====== Information given ======

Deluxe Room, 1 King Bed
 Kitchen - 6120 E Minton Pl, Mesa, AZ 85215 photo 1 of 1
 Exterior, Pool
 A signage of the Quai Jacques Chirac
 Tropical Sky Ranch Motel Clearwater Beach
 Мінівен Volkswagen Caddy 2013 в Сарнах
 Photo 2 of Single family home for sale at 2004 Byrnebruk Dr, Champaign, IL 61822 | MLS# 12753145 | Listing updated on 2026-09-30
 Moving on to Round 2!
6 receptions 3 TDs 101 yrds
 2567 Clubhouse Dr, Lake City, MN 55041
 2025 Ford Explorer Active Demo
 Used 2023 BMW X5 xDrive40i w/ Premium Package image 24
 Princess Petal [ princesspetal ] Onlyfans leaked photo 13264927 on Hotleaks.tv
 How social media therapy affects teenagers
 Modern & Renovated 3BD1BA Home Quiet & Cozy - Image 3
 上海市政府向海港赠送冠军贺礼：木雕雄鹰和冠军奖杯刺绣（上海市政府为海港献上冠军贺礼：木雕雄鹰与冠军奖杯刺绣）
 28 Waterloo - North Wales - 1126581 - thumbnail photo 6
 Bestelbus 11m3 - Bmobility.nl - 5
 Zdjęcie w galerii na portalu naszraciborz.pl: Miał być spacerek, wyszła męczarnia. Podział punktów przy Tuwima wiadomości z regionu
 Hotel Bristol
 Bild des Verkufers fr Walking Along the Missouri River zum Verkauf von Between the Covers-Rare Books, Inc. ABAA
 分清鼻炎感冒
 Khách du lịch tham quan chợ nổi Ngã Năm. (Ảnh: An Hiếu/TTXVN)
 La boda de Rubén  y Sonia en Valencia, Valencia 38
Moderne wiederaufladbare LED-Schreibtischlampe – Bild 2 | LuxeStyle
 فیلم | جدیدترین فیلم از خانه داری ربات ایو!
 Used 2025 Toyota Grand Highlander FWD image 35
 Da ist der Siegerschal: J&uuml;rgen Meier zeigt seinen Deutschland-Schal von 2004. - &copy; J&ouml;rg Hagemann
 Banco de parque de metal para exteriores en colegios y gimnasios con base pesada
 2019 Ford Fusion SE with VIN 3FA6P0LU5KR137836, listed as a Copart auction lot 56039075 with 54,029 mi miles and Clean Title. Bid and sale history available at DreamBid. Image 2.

======

Reproduce the entries above exactly, but only the lines between the line holding "Photo 2 of Single" and the line holding "Bestelbus 11m3 - Bmobility.nl - 5", inclusive.

 Photo 2 of Single family home for sale at 2004 Byrnebruk Dr, Champaign, IL 61822 | MLS# 12753145 | Listing updated on 2026-09-30
 Moving on to Round 2!
6 receptions 3 TDs 101 yrds
 2567 Clubhouse Dr, Lake City, MN 55041
 2025 Ford Explorer Active Demo
 Used 2023 BMW X5 xDrive40i w/ Premium Package image 24
 Princess Petal [ princesspetal ] Onlyfans leaked photo 13264927 on Hotleaks.tv
 How social media therapy affects teenagers
 Modern & Renovated 3BD1BA Home Quiet & Cozy - Image 3
 上海市政府向海港赠送冠军贺礼：木雕雄鹰和冠军奖杯刺绣（上海市政府为海港献上冠军贺礼：木雕雄鹰与冠军奖杯刺绣）
 28 Waterloo - North Wales - 1126581 - thumbnail photo 6
 Bestelbus 11m3 - Bmobility.nl - 5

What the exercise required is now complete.